I would expect that the font specification is included in the site-wide CSSes which are loaded with each individual page. It's simpler this way and allows preserving consistency across all the pages.


----------



## ahvalj

Thanks. But what triggers the font shift in the Wiktionary case? The marker _bg_?


----------



## eeladvised

Probably the "bg" marker, yes.  I don't know exactly how the {{desc}} template works, but the resulting HTML includes <span class="Cyrl" lang="bg">, so the language is marked appropriately in HTML as Bulgarian.  This is all that should be needed to display Bulgarian variants of the characters, provided that the software supports this and that the font has suitable language-specific glyph substitution tables (which I guess a good OpenType font should have nowadays).


----------



## ahvalj

Continuing monitoring… In the last days I have seen a number of instances of this Bulgarian Cyrillic in seemingly Russian texts. So, either there is a lot of crypto-Bulgarian content in the Runet, or the system mistakes other markers for this locale-setting one. As an example, today's Deutsche Wochenschau:


----------



## DarkChild

I personally like this script a lot. I find it more esthetically pleasing. It's a stylized handwritten script. Usually I don't notice the difference unless I think about. It looks as natural as the other one.


----------



## ahvalj

DarkChild said:


> I personally like this script a lot. I find it more esthetically pleasing. It's a stylized handwritten script. Usually I don't notice the difference unless I think about. It looks as natural as the other one.
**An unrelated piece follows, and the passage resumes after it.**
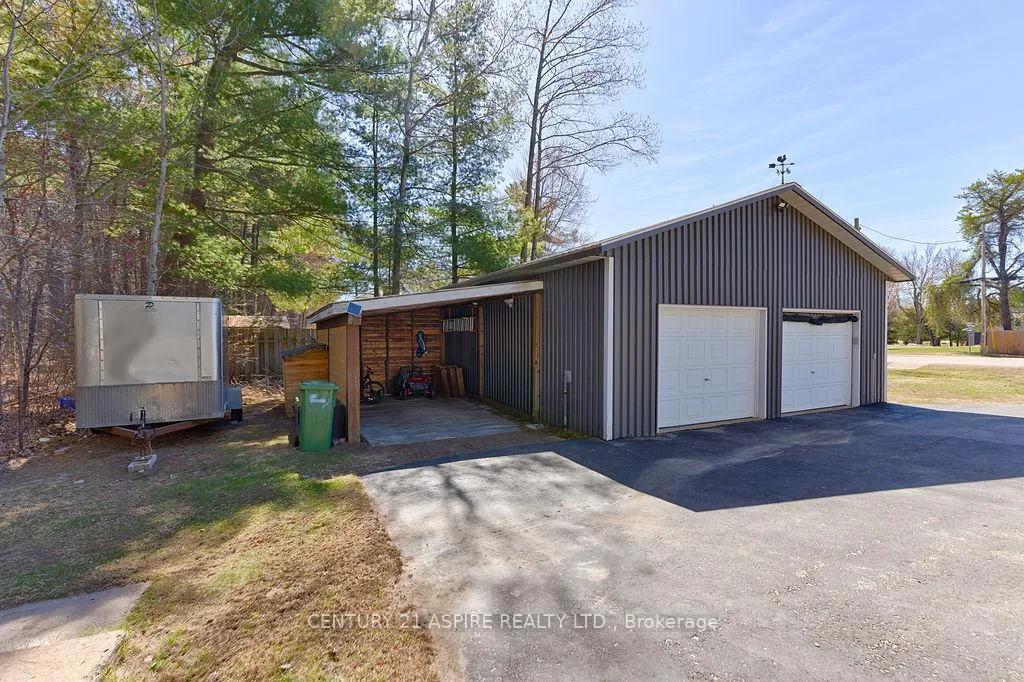 Photo 5 of 196 Schwanz Road, Petawawa — HOMEH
Do you agree with what Panceltic wrote in #2 that


Panceltic said:


> As far as I know, it has actually always been the "preferred" style in Bulgaria, but it was the advent of computers and information technology with their limited character support which cemented the "Russian-style" Cyrillic for a few decades. Now when the technology has advanced so much that the localisation works within the same alphabet (for example Russian-Cyrillic and Bulgarian-Cyrillic), it is simply reverting back to use.


?
Is it indeed perceived as a national style of Cyrillic letters in Bulgaria, or do people just know that there are two variants, with no additional connotations? Do you feel this variant is spreading?


----------



## DarkChild

ahvalj said:


> Do you agree with what Panceltic wrote in #2 that
> 
> ?
> Is it indeed perceived as a national style of Cyrillic letters in Bulgaria, or do people just know that there are two variants, with no additional connotations? Do you feel this variant is spreading?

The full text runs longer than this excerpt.